Does anyone else out there get a sense of deja vu reading this from Macleans (emphasis added)?

David LePoidevin isn’t the first person to suggest Canada’s roaring housing market is headed for a U.S.-style crash. But he is a rare breed of money manager for daring to point a finger at the Canada Mortgage and Housing Corporation, the country’s biggest mortgage insurer. In a fall 2009 note to his clients, LePoidevin questioned what was underpinning the country’s skyrocketing home prices, aside from rock-bottom interest rates. “The stock market was sure not providing huge capital gains to the masses,” he wrote. “Did the banks all of a sudden open up the lending spigots? In fact banks have actually reduced the number of their mortgages held from the peak of third quarter of 2008. The smoking gun is the CMHC and its securitization policies.”

As mainstream economic commentary in Canada goes, it was damning stuff. And it provided ammunition to critics who argue the Crown corporation’s policies have inflated a housing bubble. The CMHC is arguably the most influential player in Canada’s $1-trillion housing market. Its main function is to provide mortgage insurance for prospective homeowners who put less than 20 per cent down on their houses, protecting the banks in the event of defaults. The CMHC also helps to spread risk by finding investors to buy CMHC-insured mortgages that have been pooled together into so-called mortgage-backed securities.

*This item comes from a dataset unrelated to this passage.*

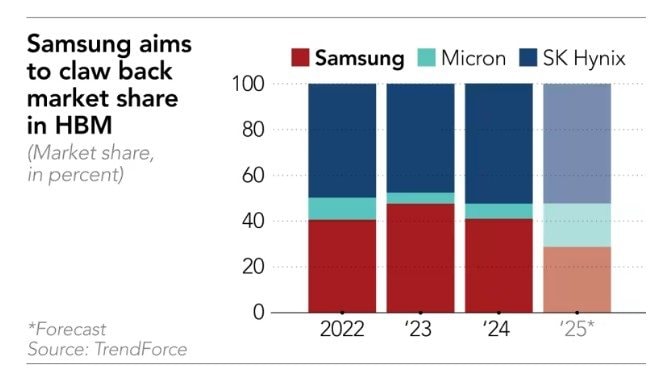 Samsung trở lại đường đua AI: “Người khổng lồ” Hàn Quốc phản công trong cuộc chiến chip trí tuệ nhân tạo- Ảnh 2. Samsung trở lại đường đua AI: “Người khổng lồ” Hàn Quốc phản công trong cuộc chiến chip trí tuệ nhân tạo- Ảnh 2.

All of this is guaranteed by the government.

I swear I’ve seen this movie before – and it doesn’t have a happy ending.

I’m not the only one (same link, emphasis added again):

It’s a familiar-sounding story to American ears. “The Canadian government mortgage apparatus echoes uncannily our experiences down here with Fannie and Freddie” says Jim Grant, author of the widely read Grant’s Interest Rate Observer newsletter. “CMHC has distorted the housing market by making homes, especially ones that are on the pricier end of the spectrum, more affordable and encouraged a lot of people to get in over their heads.”

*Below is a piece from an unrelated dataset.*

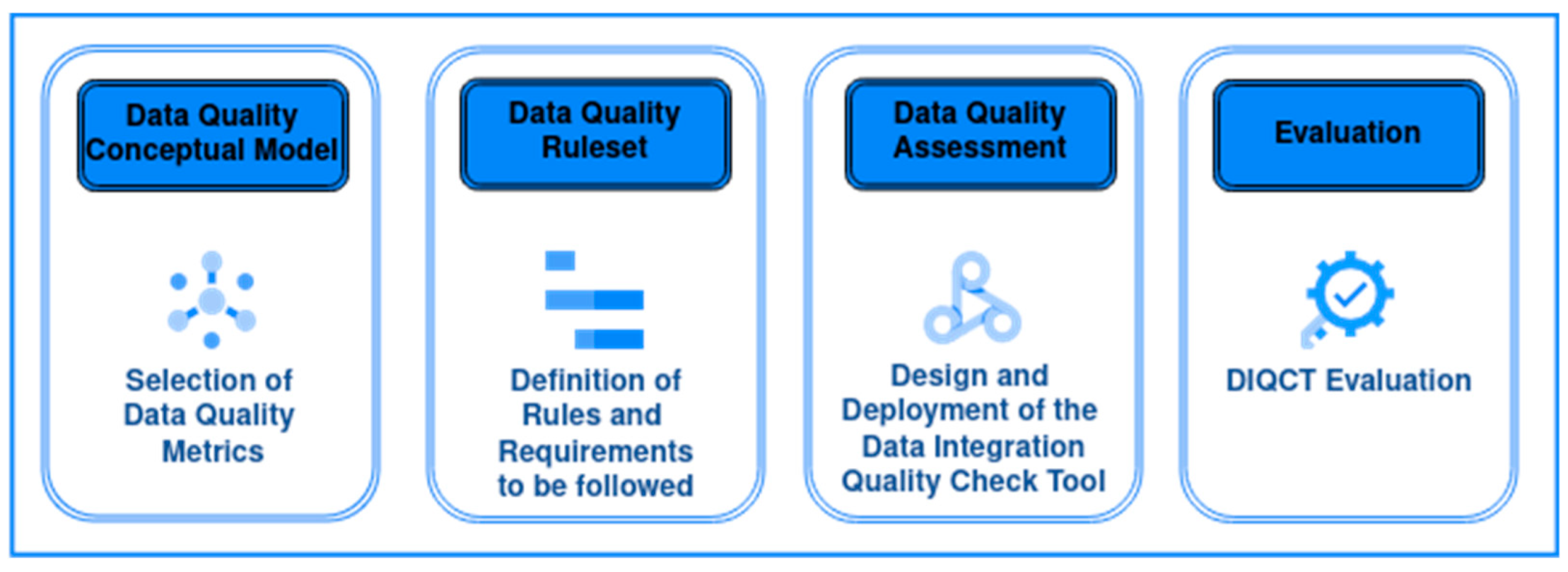 Information 15 00533 g001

Grant and other critics argue the CMHC’s balance sheet looks strikingly similar to both Fannie and Freddie . . .

Oh dear.

Now, it should be noted that Canada is also riding a resource boom (the Great White North is our largest source of imported oil, by far – to the tune of nearly double what Saudi Arabia sells us), but oil has fluctutated wildly over the last two years, and no one in the summer of 2008 expected the commodity to lose half its value by Christmas.

Even if that doesn’t happen again, Canada’s housing market – which ironically was praised as being a far safer bet in 2008 than ours – could do the same damage north of the 49th that we have seen here on the south side of the border.